Consequently, the majority of this book is people of various species struggling and failing to be understood by one another. It’s frustrating—or it would be, if it weren’t so damn fascinating. Tchaikovksy’s talent, as I noted in my review of the first book, is his imagination. He has clearly spent a lot of time thinking about what it would be like if spiders evolved a society, if octopuses evolved on a water world, etc. What would truly alien life be like? What do you do when you run across it and it wants to go on an adventure with you, but this adventure means potentially losing what makes you you?

Frankenstein is often cited as the first science-fiction novel, and I don’t think it’s a coincidence that it is also a horror story. These two genres are entwined. Though Children of Ruin is not expressly horror in a classical sense, Tchaikovsky plays with many of the horror tropes, right down to an entity reminiscent of John Carpenter’s Thing. This book is a reminder that non-human life, whether it evolves from terrestrial or extraterrestrial stock, is going to feel very alien to us indeed. And even if it isn’t malicious, its simple fact of existing might be anathema to our own existence.

Tchaikovsky asks us to think very differently about what the future might be like. I love books like this, and the thought experiment here is, in my opinion, a very satisfying one to run on the story emulator that is my meat brain.

However, I would be hard pressed to defend this book in terms of the storytelling itself. This is one of those books that is light on dialogue—conversations are sparse throughout the text—and heavy on exposition. I was OK with that because I was into the thought experiment, but I know many others would put the book down upon discovering this—and that’s totally valid. Tchaikovsky’s style here is so information-dense that it almost entirely distracts you from the actual narrative unfolding.

That being said, don’t mistake all this exposition for a lack of characterization.
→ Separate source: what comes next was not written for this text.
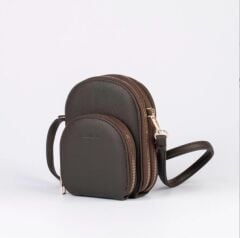 ARMİNE BAYAN ÇANTA 384 KAHVE PİA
If you do, you’ll miss out. Tchaikovsky carefully develops so many different personalities in this cast: intuitive and determined Helena, adventurous Portia, frustrated and inquisitive Fabian, and especially Kern herself. Each of these characters, and others, brings something to the mix, and I enjoyed spending time with all of them.

So as a result of all this, I really vacillated about my rating. Two stars, because what story is here is stretched tissue thin across the novel? Or do I award Children of Ruin five stars, as I did with Ninefox Gambit, because its overall execution is science fiction in a nutshell? I guess a solid three stars is appropriate, and I hope this review has done its job of adequately evaluating what this book does: push the boundaries of what we might imagine the future to be like in a way that is entertaining, if not consistently so.